After reading FL post, I gave this rather sarcastic reply:
"I got started running last year and am not the type of person that anyone would look at and say "that guy looks like a runner." I'm 6'1 275. So, I am really careful not to call myself a runner because I don't want to risk offending people I who consider themselves "runners". Here's my question . . . I've done 15 race in the last 10 months, ran in the snow, ran in the rain, ran during my lunch hour, ran an 8k while on vacation in Hawaii, run 5k's at close to an 8 min. mile pace, suffered through Plantar Fasciitis, get up at 4:30am to run, have a subscription to Runner's World, keep a running blog, plan social events around my running, talk about running so much it annoys my wife, sprained an ankle running, read "What I Talk About When I Talk About Running", own more pairs of running shoes than dress shoes, and know who Bart Yasso is . . . so when will my calling myself a runner not irritate people who BQ? Because honestly, it keeps me up at nights. Sometimes, I even get a little weepy just thinking about it and want to take up curling -- but I'm screwed because I live in NC and we only get snow like twice a year."
In a follow up post Follow up to "the" post FL used my comment as an example of the responses her post has gotten and elaborated on her opinion in order to clarify that she wasn't attacking slower runner. Personally, I never thought that was her intent. I got that she thinks that a person, who runs a Marathon just to say they have done it, shouldn't be considered a "Marathoner." Personally, I see the difference, and I think that most reasonable people would or should. My issue is that a lot of people make these kinds of judgments based upon completely arbitrary criteria and superficial observations and then proceed to treat people like something akin to dog poo.
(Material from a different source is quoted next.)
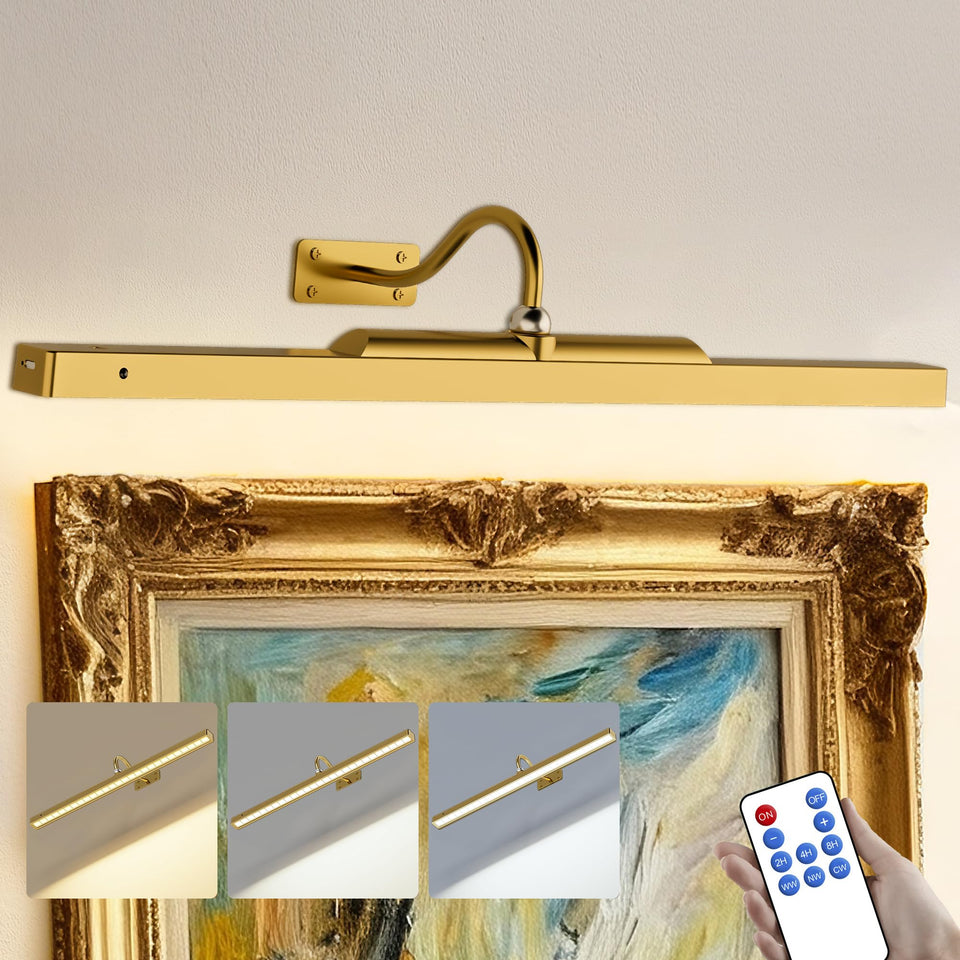 Craftersmark 24in picture light in antique gold illuminating wall art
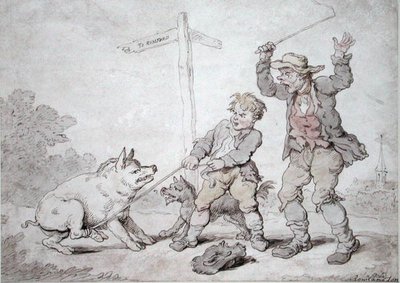 Rusty Bacon (Pigheadedness and Persuasion) (blæk og akvarel på papir) af Thomas Rowlandson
Now, I realize that is not FL's intent, but I think that making these type of judgements about people is a very slippery slope (If you need an example of this, just look at all of the Team in Training bashing that went on in response to FL's comment. You would think that Team in Training were the biggest bunch of posers to ever put on a pair of running shoes). Personally, my response was more than a little bit fueled by the looks of disdain that I get from people when I show up at events. They don't know anything about me or my commitment to running, but they see a big guy with a new running jacket and just look at me a some sort of window shopper denigrating their sport.
Now, I realize that these people are not representative of every "Runner" out there and are most likely asshole outside of their running life, and this elitism is only how their prick-ishness manifests itself in this setting, but it is this type of elitist BS that intimidates some people and keeps them from participating in something that may awaken and hidden passion. It also can lead to efforts to devalue the accomplishments of slower runners, such as different color medals based upon finishing times, which one comment spoke about in response to FL's post. Personally, I am the biggest person at nearly every non-major charity race I attend, and it is intimidating at times to line up with people that are in much better shape than I am. There is no way for me to show them that I am just as serious about this sport as anyone else. Honestly, I don't care what motivates a person to run. I am glad to see people out there doing it, and their reasons good, bad, or ugly are their own and have no effect upon me. I am a runner. I don't need a BQ or anyone else's nod of approval. I don't care if some 400 lb Sumo Wrestler completed the LA Marathon in 9 hours and a bunch of media outlets wrote stories about it. It doesn't water down how I feel about my accomplishments. And, I hate to see people like FL, who have a lot people's respect buying into the idea and not realizing where such sentiments can easily lead.